Here is a list of the available operators we have by now:
+ - * / : Addition, subtraction, multiplication and division.
^, **: Power, you can use them both. Also it is possible to use the unicode ˛ characters. Powers are one way to make roots too, you can do it like: a**(1/b)
-> : lambda. It’s the way to specify the bounded variable in a function.
x=a..b : This is used when we need to delimitate a range (bounded variable+uplimit+downlimit). This means that x goes from a to b.
() : It is used to specify a higher priority.
abc(params) : Functions. When the parser finds a function, it checks if abc is an operator. If it is, it will be treated as an operator, if it is not, it will be treated as a user function.

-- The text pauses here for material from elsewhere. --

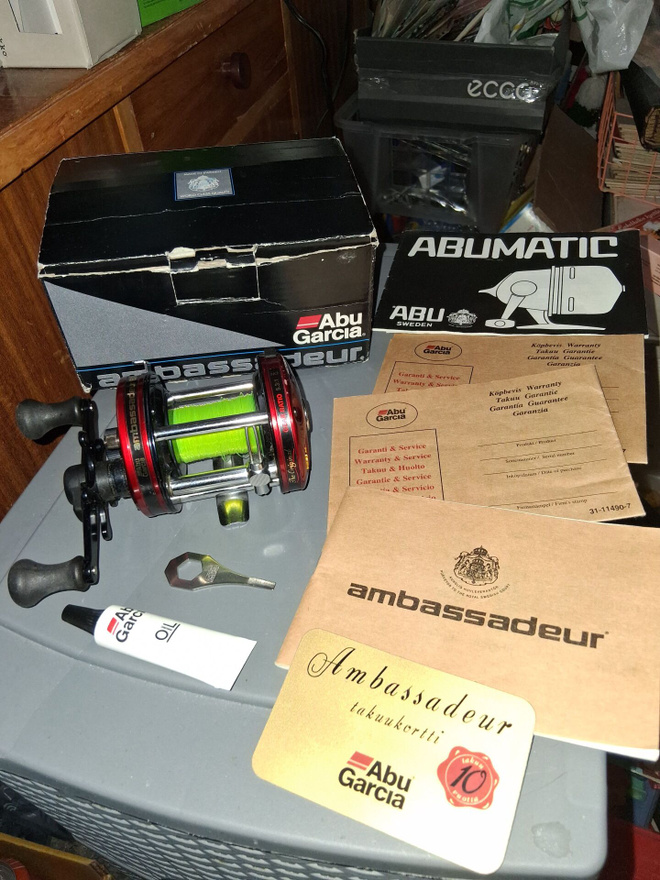 Abu ambassadeur 6000 kela + pakkaus sekä mitä kuvissa on.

:= : Definition. It is used to define a variable value. You can do things like x:=3, x:=y being y defined or not or perimeter:=r->2*pi*r.
? : Piecewise condition definition. Piecewise is the way we can define conditional operations in KAlgebra. If we introduce the condition before the '?' it will use this condition only if it is true, if it finds a '?' without any condition, it will enter in the last instance. Example: piecewise { eq(x,0) ? 0, eq(x,1) ? x+1, ? x**2 }
{ } : MathML container. It can be used to define a container. Mainly useful for working with piecewise.
Now you could ask me, why should the user mind about MathML? That’s easy. With this, we can operate with functions like cos(), sin(), any other trigonometrical functions, sum() or product(). It does not matter what kind it is. We can use plus(), times() and everything which has its operator. Boolean functions are implemented as well, so we can do something like or(1,0,0,0,0).